Construction of the Portfolio Model.
Most economic optimization models, developed for O&G Industry project selection during the 1970s–1990s, focused on the optimum level or percentage to acquire for each project. Alternatively, Portfolio Optimization modeling determines the percentage of a firm’s total CapEx that should be invested in each project or similar class of multiple projects.
Using the Tight Oil Resource Assessment Industrial Consortia (TORA) research at the BEG, Jackson School of Geosciences, UT– Austin, previous Bureau Sloan Foundation & DOE funded research evaluations (now part of the TORA Consortium), & some additional play information, Estimated Ultimate Recoveries (EURs) for every unconventional resource well in 10 resource plays. These are plotted by play in Fig. 1 as log-probability plot distributions for 5 gas resource plays (Barnett, Fayetteville, Haynesville-Bossier, Marcellus, & Utica) & 5 oil resource plays (Bakken, Eagle Ford, Midland, Delaware, & Niobrara).
Since Markowitz’s 1990 Nobel Prize-winning work on portfolio construction for equities (Markowitz, 1952 & 1957) & most significantly since the late 1990s; sophisticated financial software & Monte Carlo simulations have been developed to accomplish portfolio construction for investment choices. Previous experience evaluating thousands of individual investment options in hundreds of models has shown statistically significant confidence & correlation with these financial evaluation packages using paper, pencil, & straight-edge methodologies versus more sophisticated, expensive Monte Carlo simulations, & which can achieve a similar sophistication of a solution & are used in this report.

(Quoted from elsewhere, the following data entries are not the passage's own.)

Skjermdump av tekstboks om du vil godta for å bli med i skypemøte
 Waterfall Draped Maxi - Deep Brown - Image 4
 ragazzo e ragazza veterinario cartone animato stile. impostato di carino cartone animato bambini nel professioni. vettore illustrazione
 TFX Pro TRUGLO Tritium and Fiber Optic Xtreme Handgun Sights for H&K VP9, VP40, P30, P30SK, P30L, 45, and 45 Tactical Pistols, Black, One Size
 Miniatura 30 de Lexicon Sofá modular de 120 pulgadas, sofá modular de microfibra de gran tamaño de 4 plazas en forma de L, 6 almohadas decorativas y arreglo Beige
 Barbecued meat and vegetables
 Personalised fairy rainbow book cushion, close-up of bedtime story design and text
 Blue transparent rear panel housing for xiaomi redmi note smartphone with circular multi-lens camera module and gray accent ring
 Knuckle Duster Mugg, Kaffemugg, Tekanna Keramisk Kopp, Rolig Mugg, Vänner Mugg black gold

Given that play EURs are log-normally distributed, the Expected Value (EV), mean, of a log-normal distribution can be determined graphically without having to compute the EV from each value (individual well) in a distribution. Plotting the known p90, p50, & p10 reserves on log-probability paper & drawing a straight line provides an accurate representation of the reserve distribution for each play.
The EV of a log normal distribution is determined using the p10/p50 ratio. In this study, p90 represents the lower 10% of values & p10 represents the higher 10%. Using the p10/p50 ratio & graphs the EV is defined along with the Cumulative Probability distribution (Rose et. al, 1994). Knowing the EV cumulative probability percentage, on the x-axis of the log-probability graph & intersecting point with the reserve distribution determines the EV EUR for each unconventional resource play is defined. The EV is verified using Swanson’s Mean ((p90*.3)+(p50*.4)+(p10*.3)) (Capen, 1992).
Economic models only need to be run for 3 EUR values (p50, EV, p10) to represent the entire distribution of potential economic outcomes. The EV economic model is used as the measure of Central Tendency, most likely outcome for investors. Companies or investors having fewer than 30 investment options should make financial decisions on p50 economic results, the most likely outcome of small samples. In constructing The Perfect Unconventional Resource Portfolio in this study sample sizes for each investment option are greater than 30 & the mean, EV, figures are used.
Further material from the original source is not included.